**Work instructions**
In the material below, the lines between the one holding "Капуста со свеклой по-корейски" and the one holding "Hay AAC22 About", inclusive, are to be set down word for word. Pictures stay out.

**Provided records**

⁂

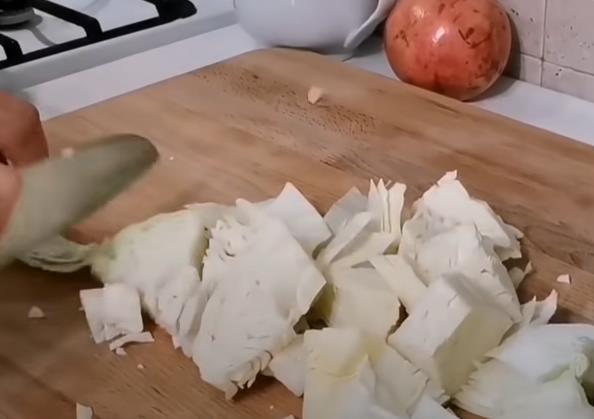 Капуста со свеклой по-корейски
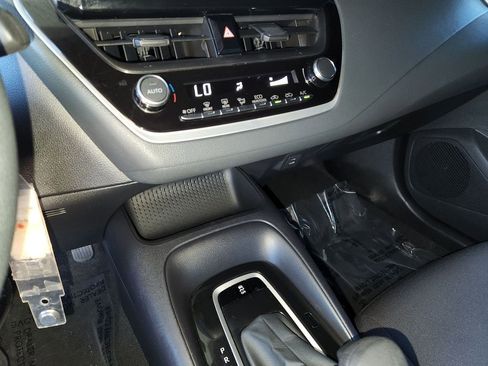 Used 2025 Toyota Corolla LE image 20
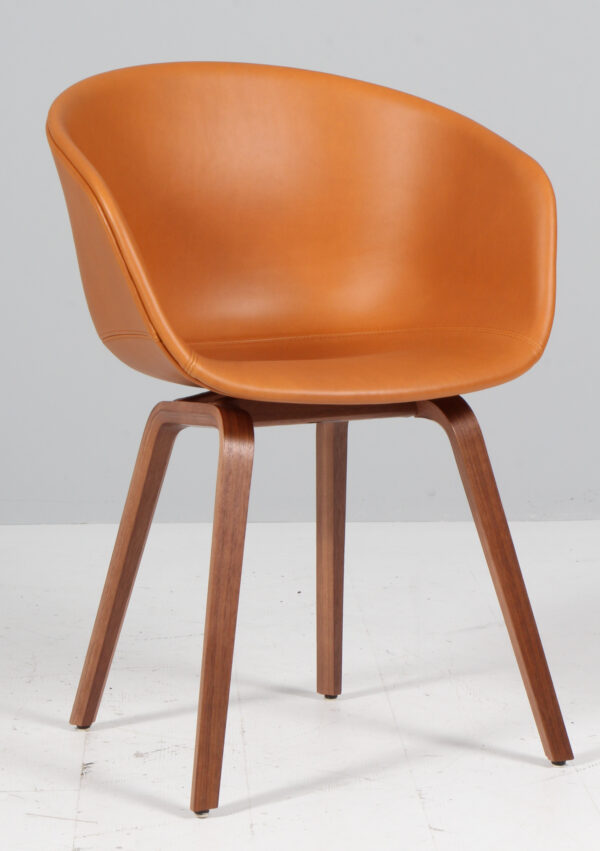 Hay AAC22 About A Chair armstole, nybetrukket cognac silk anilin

⁂

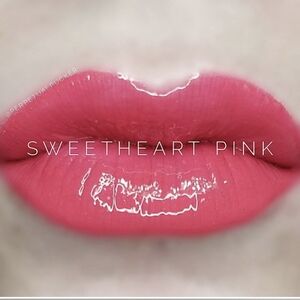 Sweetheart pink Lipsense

⁂

**Written response**
 Капуста со свеклой по-корейски
 Used 2025 Toyota Corolla LE image 20
 Hay AAC22 About A Chair armstole, nybetrukket cognac silk anilin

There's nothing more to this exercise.